The fact that various finiteness conditions lead to good theorems which are manifestly false in their absence seems like a good explanation of why they are important. (In fact, I am having trouble thinking of a wholly different kind of explanation for why anything in pure mathematics is important.)
I think you are on to something to the extent that we need to give nonexamples and counterexamples along with our theorems in order to give students even a fighting chance at appreciating them. In the realm of commutative algebra this was something that was notoriously underappreciated until relatively recently: I recall well Rota writing about the "hygienic theorems" [Rota, Indiscrete Thoughts, pp. 215-216] in algebra, e.g. things like "Every regular domain is normal". As he wrote, we have no chance of grasping results like this unless we see examples -- preferably several -- of domains which are not regular, not normal, and normal but not regular. In this particular example this is easily done, but unfortunately many of the core counterexamples in the subject have a reputation of being too difficult to show beginners. At this point I feel the need to quote directly from p. 136 of Reid's Undergraduate Commutative Algebra:
The catch-phrase "counterexamples due to Akizuki, Nagata, Zariski, etc. are too difficult to treat here" when discussing questions such as Krull dimension and chain conditions for prime ideals, and finiteness of normalisation is a time-honoured tradition in commutative algebra textbooks (comparable to the use of fascist letters $\mathfrak{P}$ and $\mathfrak{m}$ etc., for prime and maximal ideals).
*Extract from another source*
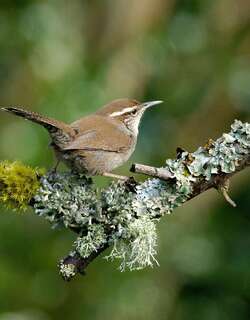 比氏苇鹪鹩 / Bewick’s Wren / Thryomanes bewickii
This does little to stimulate enthusiasm for the subject, and only discourages the reader in an already obscure literature; I discuss here three counterexamples (taken, with some simplifications, from the famous "unreadable" appendix to [Nagata]) to show some of the ideas involved.
This is very well said (well, except that I honestly don't know what's wrong with $\mathfrak{m}$...): most of the standard texts in commutative algebra leave unanswered the natural questions an alert reader will have: is this hypothesis necessary? is the converse of this result true? What happens if we don't assume that $M$ is a finitely generated module over a Noetherian domain? and so forth.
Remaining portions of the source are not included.